Ashley pursed her lips. He wasn’t entirely wrong. Considering the things he’d witnessed, her life probably looked like a tornado with nine lives. She was always in a rush, often juggling her phone while many of the million things going through her head managed to leak out of her mouth. Sure, there had been problems with the renovations to her apartment. Sometimes things didn’t go smoothly. She did her best to keep things on track and really, he hadn’t even tried to be more understanding.

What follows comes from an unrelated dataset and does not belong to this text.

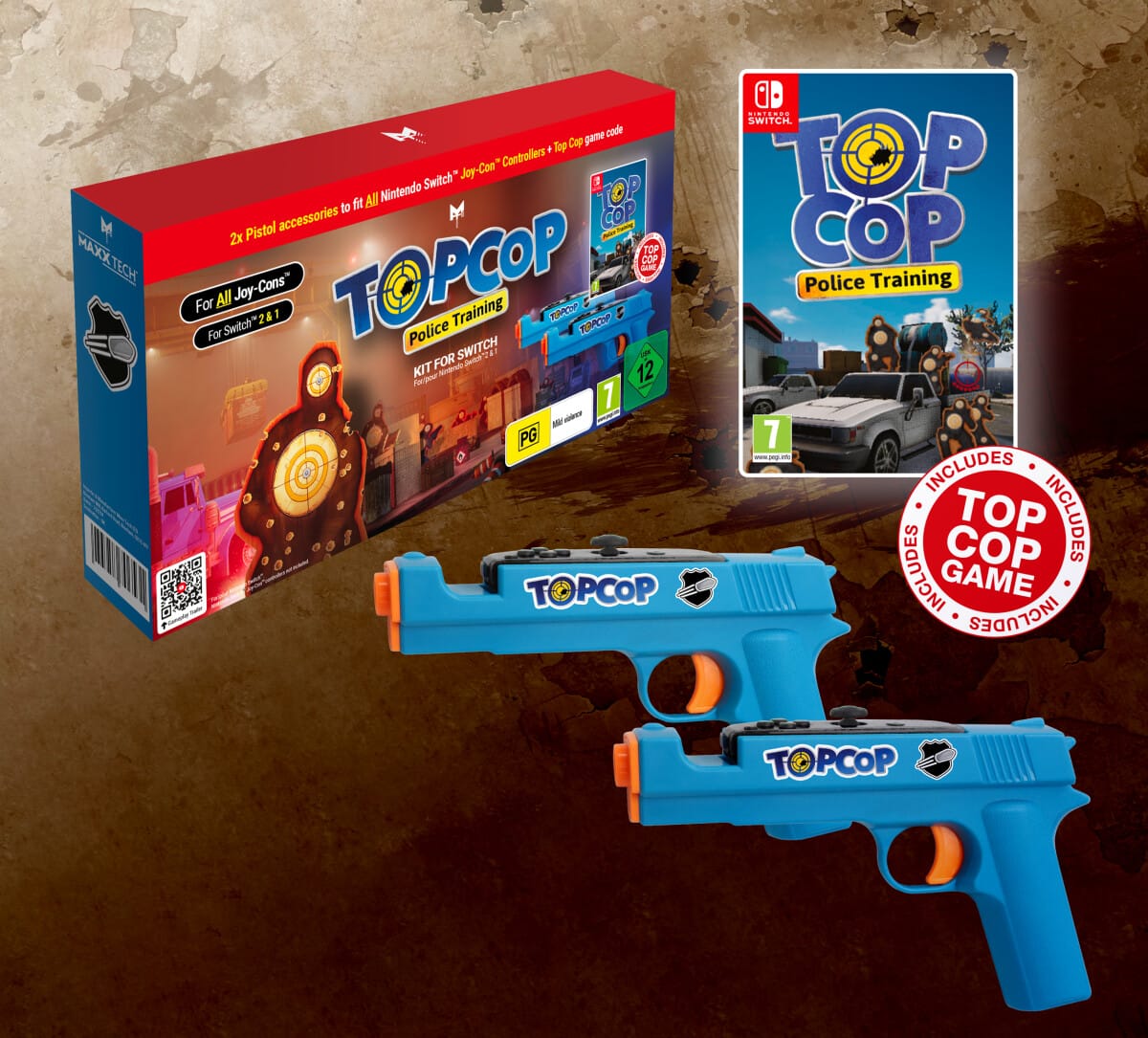 MAXX TECH TOP COP: POLICE TRAINING GAME KIT FOR SWITCH 2&1 (CIAB) 5055957706920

She sighed and leaned against the elevator wall, stealing another eyeful of him. If he underwent a personality transplant or at least learned to take a deep breath, he might be perfect—strong jaw with a devilishly square chin, close-cut scruff along his jaw, thick head of mahogany brown hair. Her vision dipped lower and she shuddered as images of his glorious chest and astounding abs flashed in her head. She hadn’t been lucky enough to see his torso live and in person, but she’d unearthed photos of him on the internet. He was one of Britain’s most eligible bachelors, as billed in a charity calendar full of hunky guys. A bachelor raising a baby—divorce was a terrible thing.
Somewhere in the world was a true match for this stunning-on-the-outside, stodgy-on-the-inside man. Ashley believed that about everyone. It wasn’t a made-for-TV act she put on for her reality show, her namesake, Manhattan Matchmaker. True love and soul mates were real, just as real as the things in life everyone feared—broken hearts, family illnesses, life-or-death obligations.